Now, lest's say that we have 2 linear equations-
a1x + a2y = c2   AND a2x + b2y = c2
2) As we all know if a1/a2 ≠ b1/b2 then the lines intersect each other.
If a1/a2 = b1/b2 ≠ c1/c2 then the lines are parallel
And if a1/a2 = b1/b2 = c1/c2 then the lines are coincident
Again Why? What is the proof that this is true?
Please help. Thanks for the answer
 A: I will show, on an example, how and why an equation $ax+by=c$ corresponds in a natural way to a straight line by a "balancing process". Let us consider:
$$\tag{1}x+2y=13$$
Let us select two values $(x,y)$ that satisfy the system, for example $(x=3,y=5)$ (our first point $A$ on the figure), that is to say we start from identity: 
$$3+2 \times 5=13.$$
It will suffice now to increase $x$ by $2$ while decreasing simultaneously  $y$ by $1$ for preserving the balance (13). Thus, we obtain :
$$ 5+ 2 \times 4=13,$$
and then doing again the same operation:
$$7 + 2 \times 3 =13,$$
$$ \ \ \ \ 9 + 2 \times 2 =13 \ \ \text{etc.}$$
This staircase moves from point $(3,5) \rightarrow (5,4) \rightarrow (7,3) \rightarrow (9,2) \rightarrow \cdots$, are in fact moves along a line, while preserving value 13. 
Of course we have worked with integer coordinates, but nothing prevents us for example to add $2/5$ to the present value of $x$ while substracting 1/5 to the present value of $y$ ...
Edit: following a little exchange with the OP, here is a (linked) mathematical proof. I still do it on the previous example, but it has a general value.
Let us summarize what we have done: 


*

*we have started from a certain point $(x,y)=(x_0,y_0)$.
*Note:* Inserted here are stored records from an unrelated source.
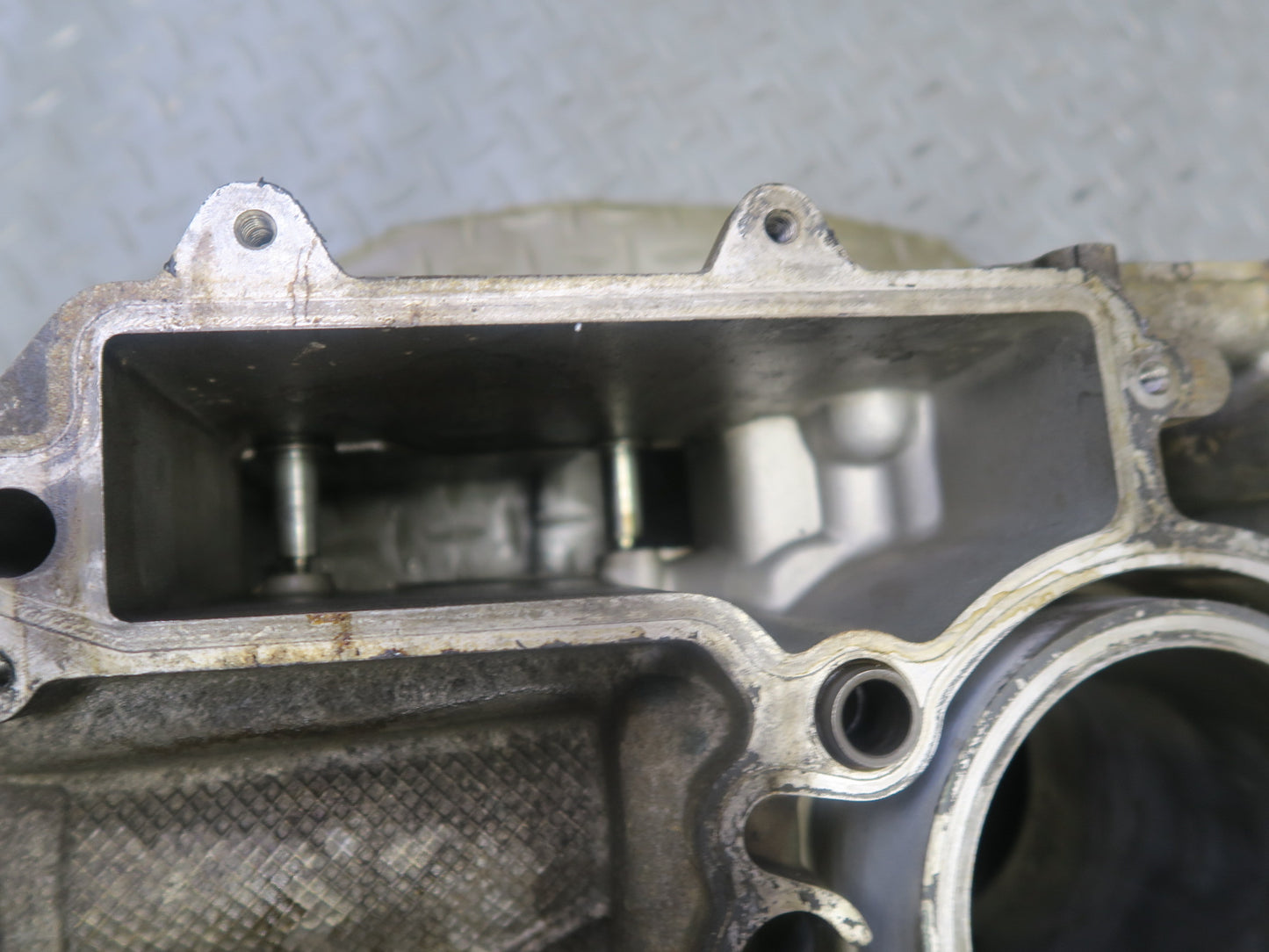 2002 Porsche Boxster S 986 3.2L M96.21 Left Engine Motor Cylinder Block
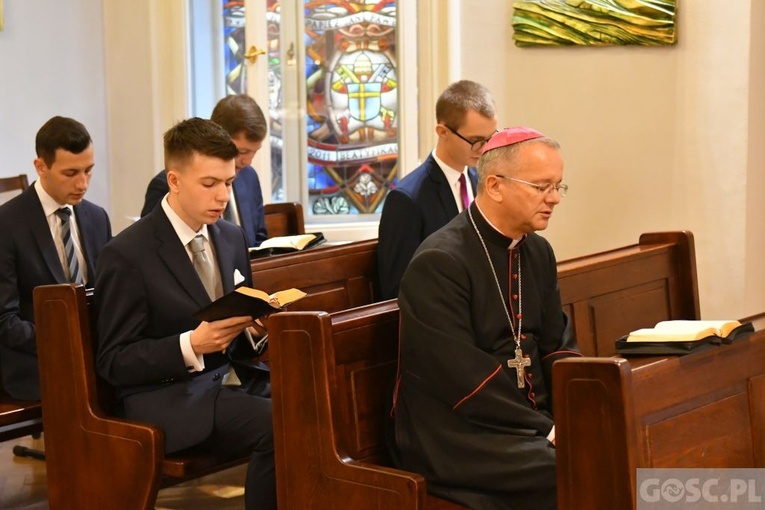 Biskup spotkał się z nowymi klerykami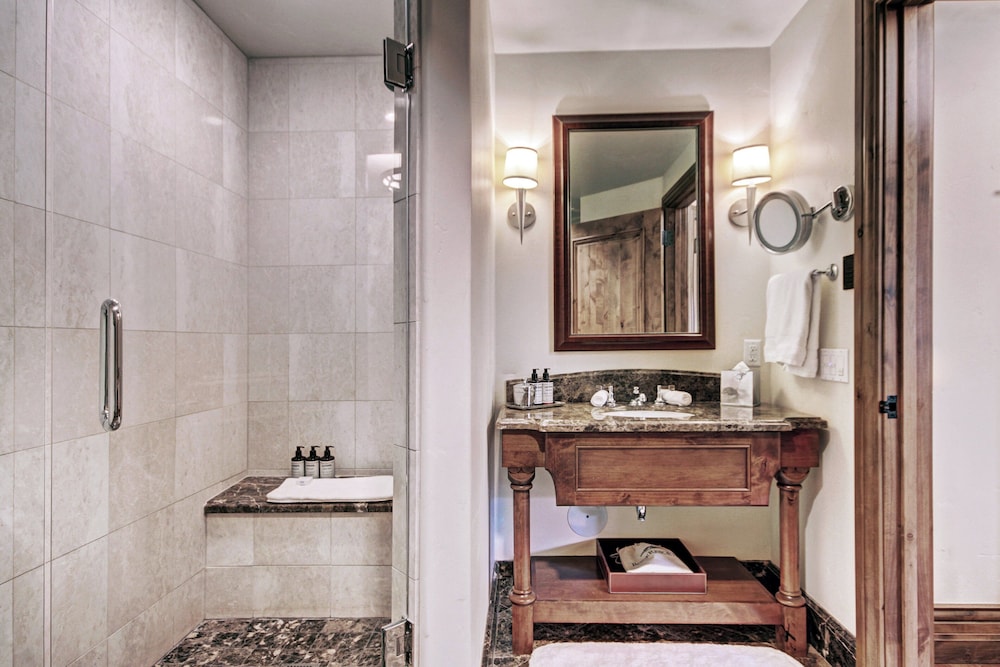 Suite, 1 King Bed (Arrabelle) - Photo 14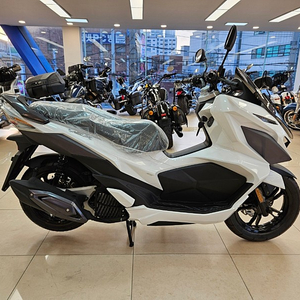 SYM VSX125ABS 신차 할인판매합니다 PCX125, 엔맥스125, NMAX125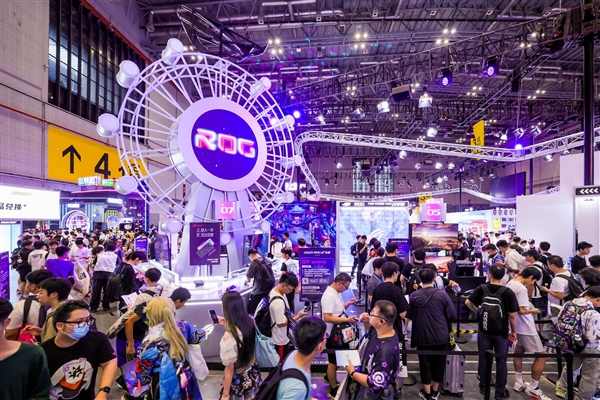 硬核狂欢！ROG高性能台式机燃爆BW 2025 助力玩家享受极致电竞体验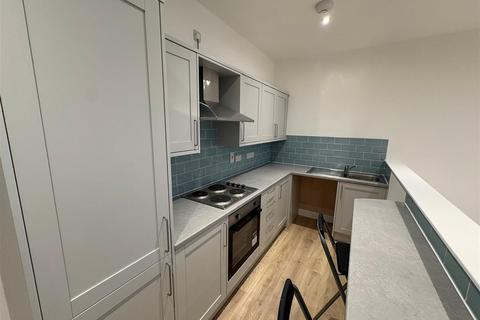 2 bedroom end of terrace house for sale, Centre Street, Heckmondwike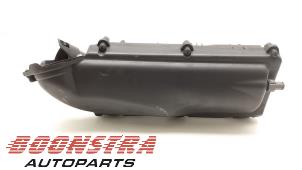 Used Air box Peugeot 3008 II (M4/MC/MJ/MR) 1.6 16V Hybrid Price € 24,95 Margin scheme offered by Boonstra Autoparts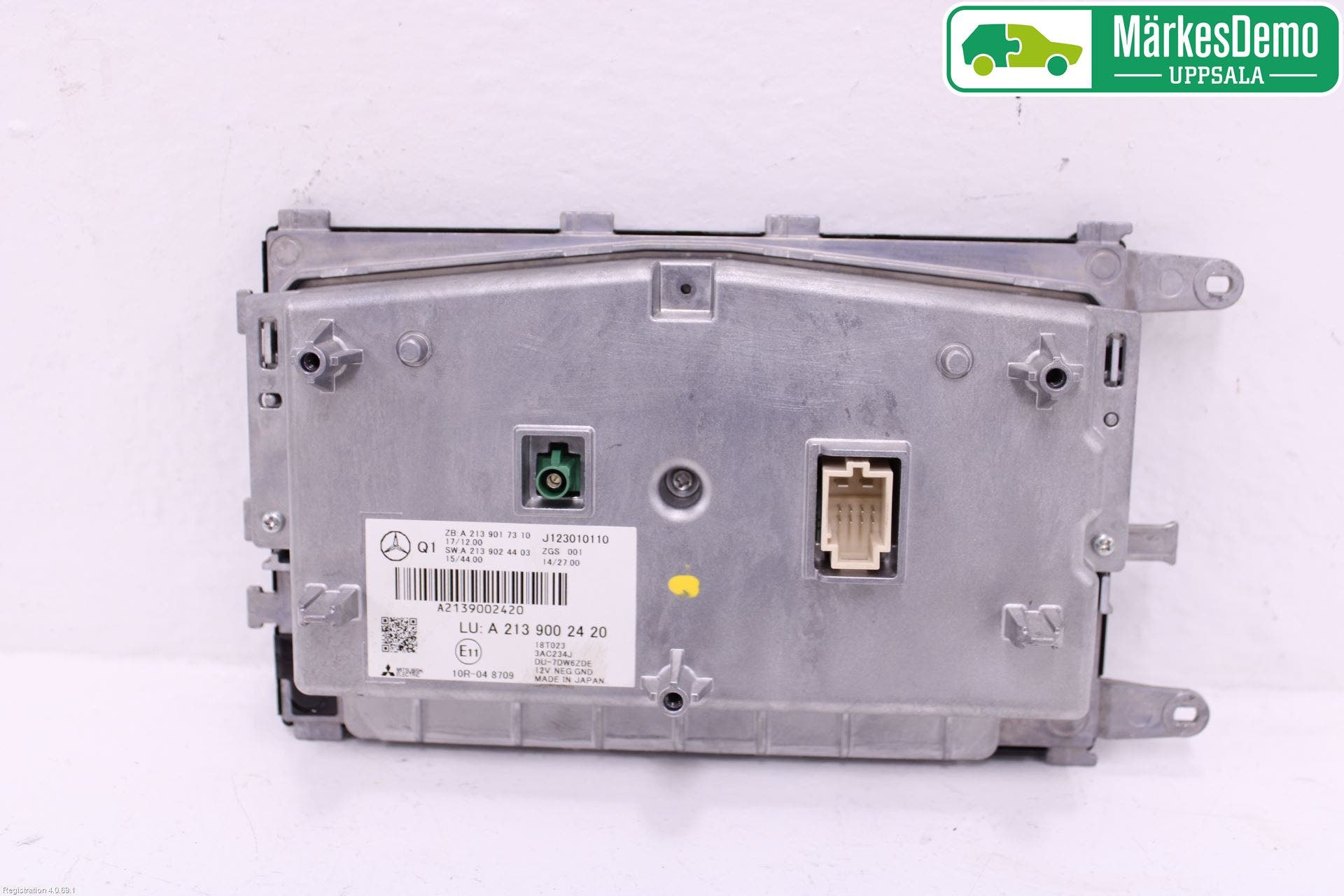 Mercedes-Benz MB E-KLASS (W213) 16-23 Bildskärm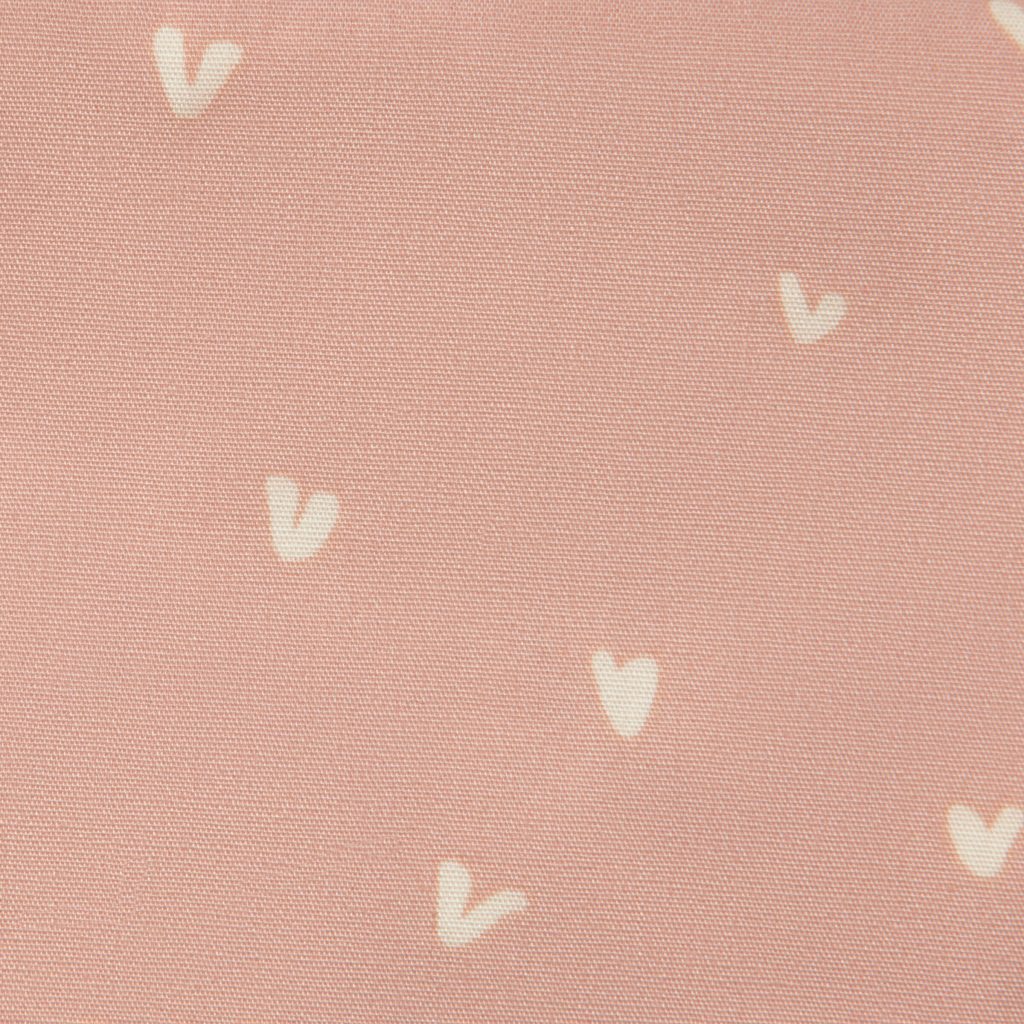 drool bib heart kiss 02 2865x2865 612772a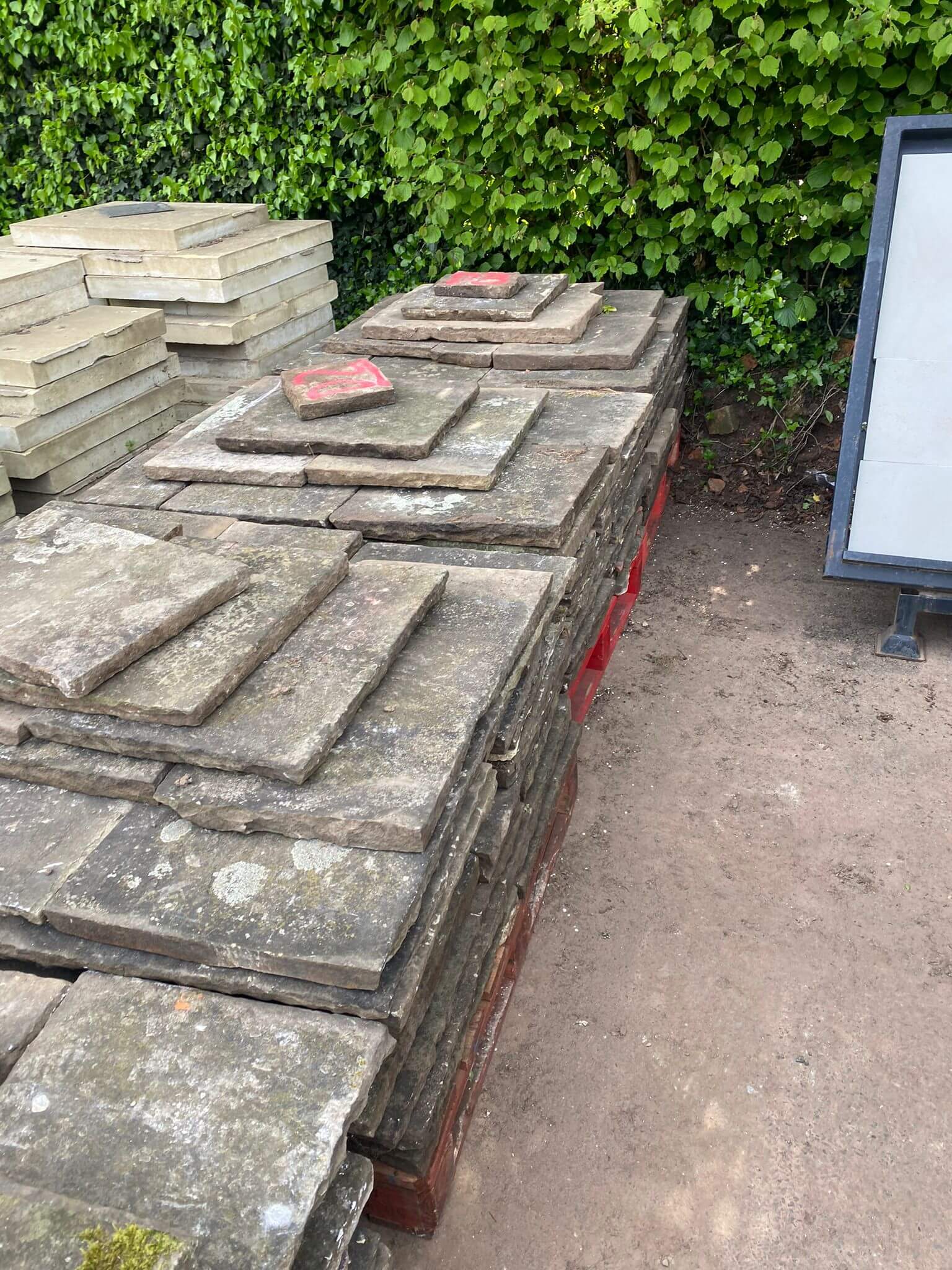 Yorkstone - Reclaimed Bricks & Yorkstone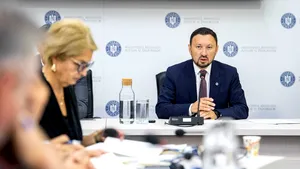 Ministrul Mircea Fechet, în inspecţie la centrul de intervenţie rapidă de pe malul Dunării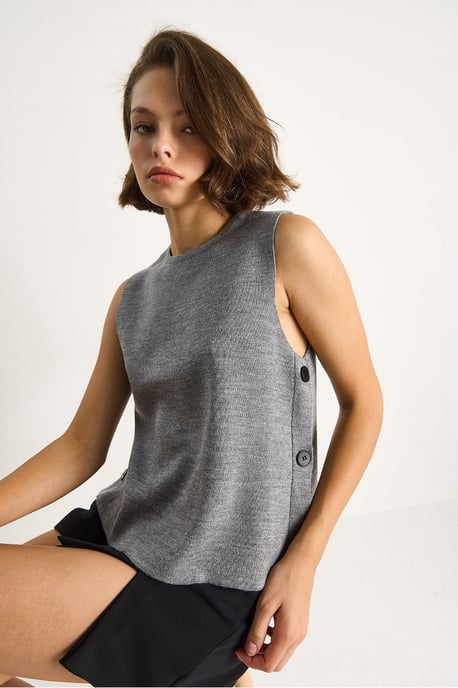 Knop Gedetailleerde Brei Blouse - Image 2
*then we have added 2 a certain number of times to the abscissa $x.$

*and substracted 1 the same number of times to the ordinate $y.$
If we call "$t$" this same "number of times", we have, for the most general point $(x,y)$ on the straight line:
$$\tag{2}\cases{x=x_0+2t\\y=y_0-1t}$$
which is called a parametric representation of the line. $t$ is sometimes called the time parameter.
Now, let us eliminate $t$ between the two equations in (2):
$$t=\frac{x-x_0}{2}=\frac{y-y_0}{-1}$$
$$\Leftrightarrow \ \ \ \ \ -(x-x_0)=2(y-y_0)$$
$$\tag{3}\Leftrightarrow \ \ \ \ \ x+2y=x_0+2y_0.$$
We recognize in (3) an expression of the desired form $ax+by=c$.
We can also observe that (3) expresses the preservation of quantity $x+2y$.
Remark: there are other proofs for the fact that a straight line has an equation of the form $ax+by=c$. One of the most interesting ones is by using determinants. Let us understand it at the light of (3). In fact (3) can be written under the form:
$$\cases{x-x_0=2t\\y-y_0=-1t}$$
otherwise said, by a proportionality of $\vec{M_0}M\pmatrix{x-x_0\\y-y_0}$ and directional vector $\vec{V}\pmatrix{2\\-1}.$
But this condition is equivalent to the fact that the following determinant is $0$:
$$\tag{4}\begin{vmatrix}(x-x_0) & \ 2 \\ (y-y_0) &  -1 \end{vmatrix}=0$$
Expanding this expression will give, of course the same equation as before.